Daniel gasped. "It's turned into… a giant pumpkin!"
It's a ship, you doofas.
"That's incredible," Sam exclaimed in a hushed tone. "The organic matter seems to have mutated into some form of spacecraft. If it's functional then we may have discovered an entirely new evolutionary model where organic mimics mechanic."
Teal'c remarked: "I have never before seen such a transformation."
"You reckon the inside's still edible?" asked Jack.
Only one way to find out, Jack!
They all piled in through the hatch with Jack in the lead, eager to discover the taste of this strange monstrosity. He was disappointed.
"I'm disappointed," he declared, gazing mournfully at the solid walls. "It's all stringy and urgh."
Sam smiled. "It probably wouldn't be a good idea to eat our ship anyway, sir," she told him with a consoling pat on the arm. "We have to fly half way across the galaxy, remember?"
The others explored the vessel whilst Jack sank down into a chair made of orange fibre and grumbled. Daniel investigated the rooms at the back as Sam marvelled over the control panel made solely out of spoons; Teal'c followed Cronus closely as he… HEY! Are you trying to escape?
"No," Cronus stated. "I am attempting to find the trigger for the self-destruct and DESTROY YOU ALL! Mwuhahaha!"
Now, now, Cronus. Don't make me get Oma.
"Uh, you should probably listen to her," Daniel mumbled as he jumped down from the top deck beside his Fairy Goa'uld Mother, "unless you want to be dressed up in her Ascension Knitwear again." He shuddered. "That stuff is painful."
Teal'c, tie the evil guy up before he makes the ship explode.

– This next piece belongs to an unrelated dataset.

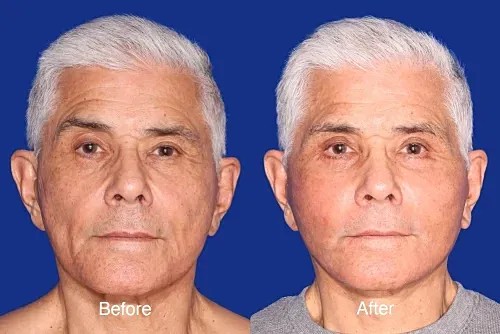 Before and after photos of facial treatment.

Sam, are you ready with those controls?
Sam looked down at the row of spoons in front of her. "I'm not sure," she said. "I mean, they're spoons."
Jack got up and waved her out of the way. "If anyone knows their way around pumpkin pie with a spoon, I do." And, to everyone's amazement, the engines started and the ship launched.
They shot up, up, up into the night sky, soaring gracefully through Earth's atmosphere and away into outer space.
A/N: I hope you enjoyed the silliness! Part 2 should be written and posted by Christmas; Part 3 may come afterwards.